The last picture of Reagan is a HuffPost Lefty News fake, it was taken in the president's private office in the residence, not in the Oval Office. It was taken when he was recuperating after the assassination attempt. Reagan always wore a suit in the Oval Office.

https://www.vanityfair.com/politics/features/2007/06/reagan200706

Caption to original photo:

U2036972B| Standard RM| © Bettmann/CORBIS 
President Reagan Working at a Desk

Original caption: Washington, D.C.: President Ronald Reagan works at a desk in the study of his second floor residence as he gradually resumes the duties of his office. The Democratic controlled House Budget Committee has rewritten Reagan's original budget proposal with less military spending and more money allocated for social programs. It has also refused to allow Reagan's original package to the House floor. Republicans and conservative Democrats are now trying to line up support for a bill (Gramm-Latta) which is close to the original Reagan proposal so they can bring it to the House floor for debate.


----------



## David V (Sep 19, 2005)

Beresford said:


> The last picture of Reagan is a HuffPost Lefty News fake, it was taken in the president's private office in the residence, not in the Oval Office. It was taken when he was recuperating after the assassination attempt. Reagan always wore a suit in the Oval Office.
> 
> https://www.vanityfair.com/politics/features/2007/06/reagan200706
> 
> ...


So what your really saying is the old actor stayed in costume when "on set".


----------



## Relayer (Nov 9, 2005)

Beresford said:


> The last picture of Reagan is a HuffPost Lefty News fake, it was taken in the president's private office in the residence, not in the Oval Office. It was taken when he was recuperating after the assassination attempt. Reagan always wore a suit in the Oval Office.
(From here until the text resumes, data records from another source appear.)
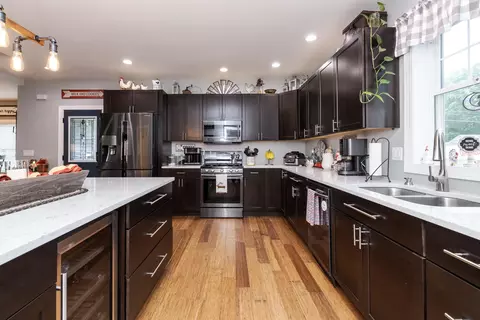 Kitchen - 101 E 4th St, El Paso, IL 61738 photo 8 of 10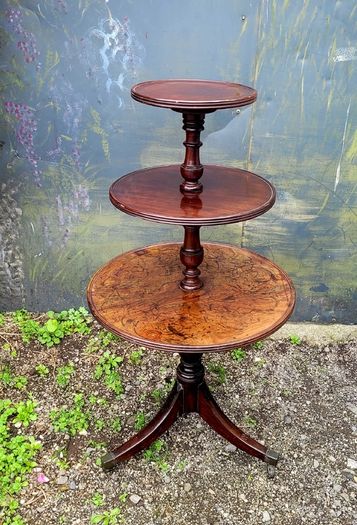 Antique georgian revival mahogany dumb waiter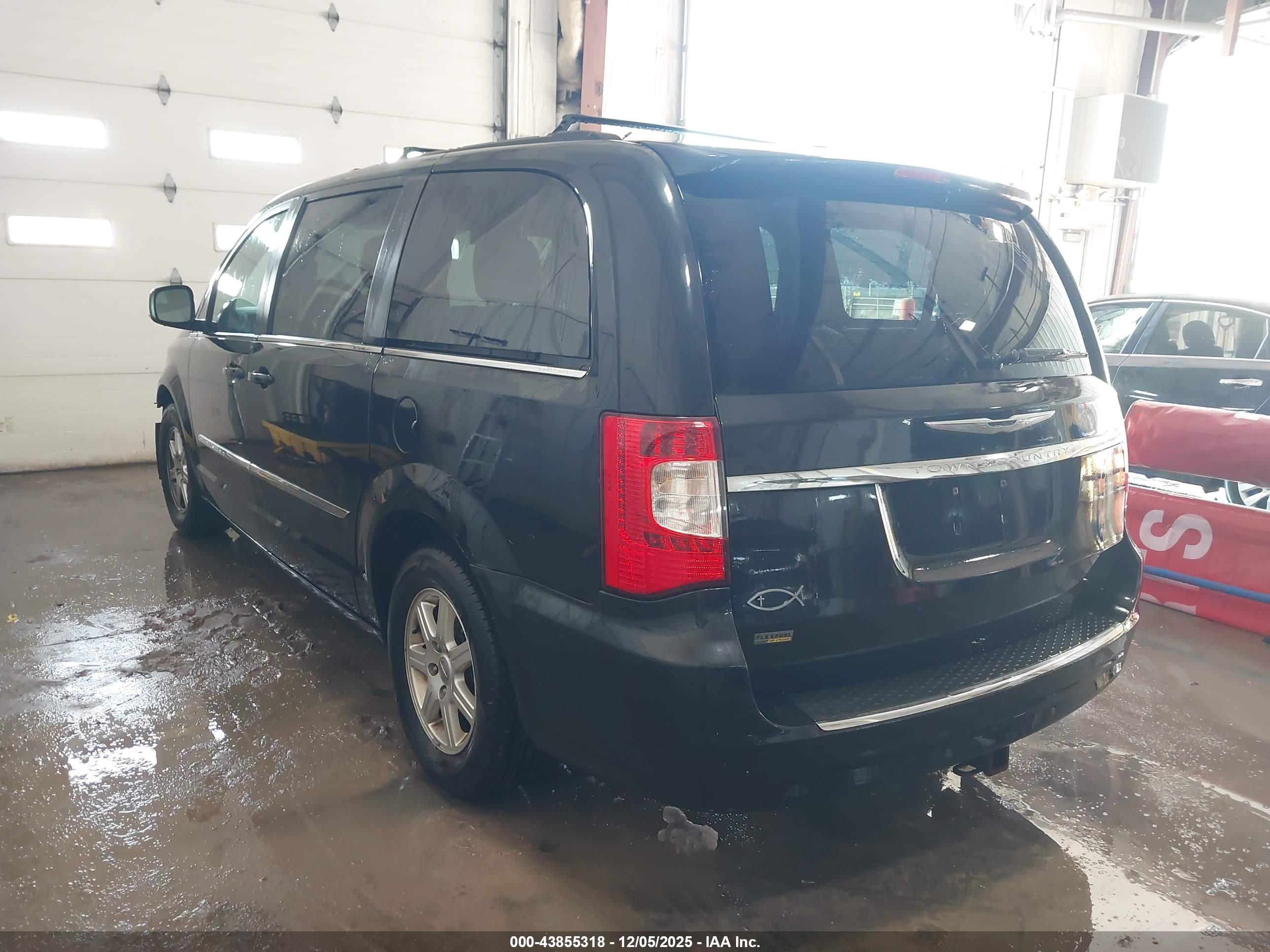CHRYSLER TOWN image 3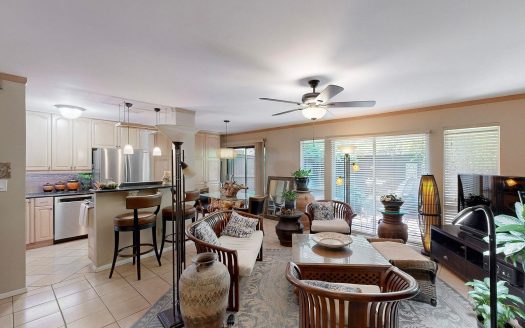 Condo for Sale in Dallas, TX 75219 – 1 Bedroom, 1 Bath – $250000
Fake?! Well, certainly no surprise there.

Proper image is an important part of being a great communicator.


----------



## Bob Loblaw (Mar 9, 2006)

Beresford said:


> The last picture of Reagan is a HuffPost Lefty News fake, it was taken in the president's private office in the residence, not in the Oval Office. It was taken when he was recuperating after the assassination attempt. Reagan always wore a suit in the Oval Office.
> 
> https://www.vanityfair.com/politics/features/2007/06/reagan200706
> 
> ...


I don't understand. Are you saying a photo of Reagan at home was altered to make it appear he is in the Oval Office? The picture to which you linked Reagan is wearing different clothing and in a different pose.

I am confused.


----------



## Bog (May 13, 2007)

That's right. The Oval Office should be wearing morning coats. Wait, those are informal riding clothes. Court dress is in order.


----------



## Miket61 (Mar 1, 2008)

Bob Loblaw said:


> I don't understand. Are you saying a photo of Reagan at home was altered to make it appear he is in the Oval Office? The picture to which you linked Reagan is wearing different clothing and in a different pose.
> 
> I am confused.


It's quite clear that the Huffington picture shows the Resolute Desk and the Oval Office; both the Oval Office and the study in the Residence (the upper floor of the White House) have the same chair.

There are two things that make me question the legitimacy of the photo -I have been unable to find any other photos of Reagan in the Oval Office without a suit, and the folder he's holding seems to have a Photoshopped edge, as though a picture of him at the desk in the Residence was pasted into a photo of the Oval Office.


----------



## 16412 (Apr 1, 2005)

The older generations where taught to show respect with how they dressed. The hippie generation did away with that kind of thinking.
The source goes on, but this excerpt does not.